2012-08-20T20:07:23.958Z cpu25:8381)VSCSI: 2637: handle 8193(vscsi0:1):Reset [Retries: 3/0]

2012-08-20T20:07:23.958Z cpu25:8381)WARNING: NMP: nmpDeviceTaskMgmt:2210:Attempt to issue lun reset on device naa.60013720572d3e001246035cd7c09eb5. This will clear any SCSI-2 reservations on the device.

2012-08-20T20:07:23.958Z cpu25:8381)<5>0 :: megasas: RESET -845767 cmd=0 retries=0

2012-08-20T20:07:23.958Z cpu25:8381)<3>megasas: cannot recover from previous reset failures

2012-08-20T20:07:54.016Z cpu25:8381)VSCSI: 2637: handle 8193(vscsi0:1):Reset [Retries: 4/0]

2012-08-20T20:07:54.016Z cpu25:8381)WARNING: NMP: nmpDeviceTaskMgmt:2210:Attempt to issue lun reset on device naa.60013720572d3e001246035cd7c09eb5. This will clear any SCSI-2 reservations on the device.

2012-08-20T20:07:54.016Z cpu25:8381)<5>0 :: megasas: RESET -845866 cmd=0 retries=0

2012-08-20T20:07:54.016Z cpu25:8381)<3>megasas: cannot recover from previous reset failures

2012-08-20T20:08:24.075Z cpu25:8381)VSCSI: 2637: handle 8193(vscsi0:1):Reset [Retries: 5/0]

2012-08-20T20:08:24.075Z cpu25:8381)WARNING: NMP: nmpDeviceTaskMgmt:2210:Attempt to issue lun reset on device naa.60013720572d3e001246035cd7c09eb5. This will clear any SCSI-2 reservations on the device.

2012-08-20T20:08:24.075Z cpu25:8381)<5>0 :: megasas: RESET -846029 cmd=0 retries=0

ScottBerger · ‎08-20-2012

Scott Berger is no longer employed with Scentsy. Any Scentsy related issues please contact Corporate 877-895-4160.

Thank you,

System Administration

DataRecLab · ‎08-22-2012

It's nice to know that Scott is no longer with Scentsy... But who is he and why do I care?

Well, either I have commited some faux-pa, or no-one has any answers?

mcowger · ‎08-22-2012

Its just an inidication that he was subscribed to this forum.

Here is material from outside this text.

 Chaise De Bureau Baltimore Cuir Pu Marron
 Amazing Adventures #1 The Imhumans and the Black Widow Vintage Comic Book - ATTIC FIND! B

I'll fix it.

To respond to your question - I dont think they are releted.

The PSOD points at a problem with the CPU TLB - so I'd suspect issues with the CPU first.

--Matt VCDX #52 blog.cowger.us

sparrowangelste · ‎08-22-2012

probably bad cpu or mobo.

--------------------- Sparrowangelstechnology : Vmware lover http://sparrowangelstechnology.blogspot.com

DataRecLab · ‎11-05-2012

Late followup - but the following addresses each issue, which apears to have been independent...

The PSOD was being caused by C-States which were reset in the BIOS during a BIOS update. Processor C-States must be turned off in the BIOS for ESXi to function properly.

The RDM drops were being caused by a single volume on the MD1000 array which had write-through caching enabled, and under heavy load would not be able to keep up. Ideally, the PERC 5/e controller should not be used with ESXi 5.+ as the controller firmware is depricated.